Tuesday, September 21, 2010

Chase: All Filler, No Killer



Series that last a full season and then get cancelled are like gifts given and then taken back. An hour a week from September to May, emotional investment, multiple story arcs, maybe a cliffhanger, and it all adds up to nothing. NBC's Mercy was one such show last season, the one-and-done story of a nurse (Taylor Schilling) juggling the chaos of a New Jersey hospital, a marriage, and a colleague who was her battlefield lover. I mention Mercy because I would have loved to see Schilling's live-wire character transplanted to the new NBC show Chase. U.S. Marshal Annie Frost (Kelli Giddish) leads an ethnically diverse team of Texas crime fighters that could swap out with the cast of any other Jerry Bruckheimer production.

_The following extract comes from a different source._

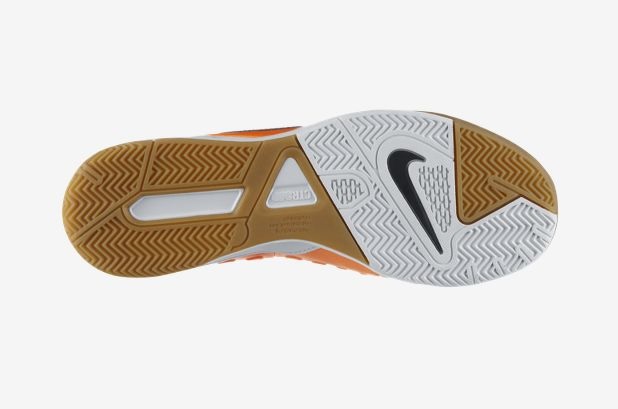BUTY NIKE CTR360 LIBRETTO III IC /525171 800 - obrazek 3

In the opening scene Annie sets off a cattle stampede while in pursuit of a fugitive; there's a reference to how much damage was caused and then it's never mentioned again. There's some vague mention of Annie's back story, parents don't seem to be a part of her life, but she's essentially an automaton and Giddish plays her like one. Annie is given crumbs of "attitude" (a taste for country music and a soft way with children) but she and her crew live in a fantasy world where the bad guys are charming rogues like Mason Boyle (Travis Fimmel), whom I suspect we'll see again, and where there are no logistical or procedural impediments to the pursuit of the fugitives. The supporting cast includes Cole Hauser as a sidekick who apparently isn't anything more (yet) and Rose Rollins (The L Word) as a second-string badass character yet to be developed. There's little sense of place or regional flavor in Chase; the show needs a big helping of personality and some better acting from its lead to avoid a quick exit.